According to her, the administration has also been “regularly asking faculty members” if they feel okay or if they’ve come in contact with anyone who recently travelled abroad. “We are also checking their temperature. We are taking precautions.”

The Amity University campus in Kolkata is in a soup of its own. The West Bengal government invoked the Epidemic Diseases Act 1897 and directed all educational institutions in the state to shut until at least April 15. Amity University, however, has drawn flak for – again – requiring its teaching and non-teaching staff to teach online from within the campus.

The situation at Industrial Technical Institutes (ITIs) is even more surprising: many in Uttar Pradesh have shut for students but not without asking their instructors to maintain their attendance.

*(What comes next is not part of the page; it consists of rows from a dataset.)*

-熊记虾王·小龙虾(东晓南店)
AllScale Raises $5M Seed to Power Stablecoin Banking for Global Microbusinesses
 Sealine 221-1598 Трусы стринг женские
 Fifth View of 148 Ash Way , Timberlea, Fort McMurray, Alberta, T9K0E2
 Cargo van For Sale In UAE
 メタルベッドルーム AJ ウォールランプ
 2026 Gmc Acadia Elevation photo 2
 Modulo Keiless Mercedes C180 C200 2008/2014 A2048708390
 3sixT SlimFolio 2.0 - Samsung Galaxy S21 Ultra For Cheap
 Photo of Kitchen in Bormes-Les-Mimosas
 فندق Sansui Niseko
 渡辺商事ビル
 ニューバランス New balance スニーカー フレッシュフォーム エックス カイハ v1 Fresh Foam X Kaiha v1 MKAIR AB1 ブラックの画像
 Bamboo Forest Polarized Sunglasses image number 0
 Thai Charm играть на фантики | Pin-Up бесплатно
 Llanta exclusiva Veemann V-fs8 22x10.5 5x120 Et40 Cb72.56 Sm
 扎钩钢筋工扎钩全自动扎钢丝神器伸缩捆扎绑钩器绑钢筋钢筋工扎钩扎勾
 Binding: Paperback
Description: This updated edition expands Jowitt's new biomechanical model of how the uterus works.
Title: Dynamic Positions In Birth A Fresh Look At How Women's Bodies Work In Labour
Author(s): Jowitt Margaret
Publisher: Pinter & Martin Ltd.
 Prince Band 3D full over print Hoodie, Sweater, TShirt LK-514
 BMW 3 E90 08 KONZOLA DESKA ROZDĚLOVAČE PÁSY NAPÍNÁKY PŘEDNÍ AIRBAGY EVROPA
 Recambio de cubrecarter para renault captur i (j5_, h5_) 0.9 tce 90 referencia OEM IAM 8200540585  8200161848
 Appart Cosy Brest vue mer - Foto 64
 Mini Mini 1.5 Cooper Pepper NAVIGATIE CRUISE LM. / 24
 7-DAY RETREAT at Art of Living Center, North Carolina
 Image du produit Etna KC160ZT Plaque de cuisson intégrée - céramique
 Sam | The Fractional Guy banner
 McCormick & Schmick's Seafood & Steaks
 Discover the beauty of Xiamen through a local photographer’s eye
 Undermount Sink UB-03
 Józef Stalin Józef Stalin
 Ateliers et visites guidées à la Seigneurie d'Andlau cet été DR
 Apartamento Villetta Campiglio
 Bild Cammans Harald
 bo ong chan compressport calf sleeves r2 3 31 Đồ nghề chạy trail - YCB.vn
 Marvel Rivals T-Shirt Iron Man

The government set up ITIs in 1969 to produce the country’s workforce for industrialisation.

Some 1,500 students of one ITI in Meerut have been asked to stay home “but the teachers are required to be present,” its vice-principal Bani Singh Chauhan said, because “they might be required by the government for awareness activities.”

A teacher at a private institute in Dehradun called this paradigm a “quirk of the management”.

Thus far, the Ministry of Human Resource Development has not issued any directives to higher education institutions around India about dealing effectively with the COVID-19 outbreak. District administrations and state governments have filled in and issued orders and directives to suspend classes in certain parts. But a uniform policy to deal with the situation remains conspicuously absent.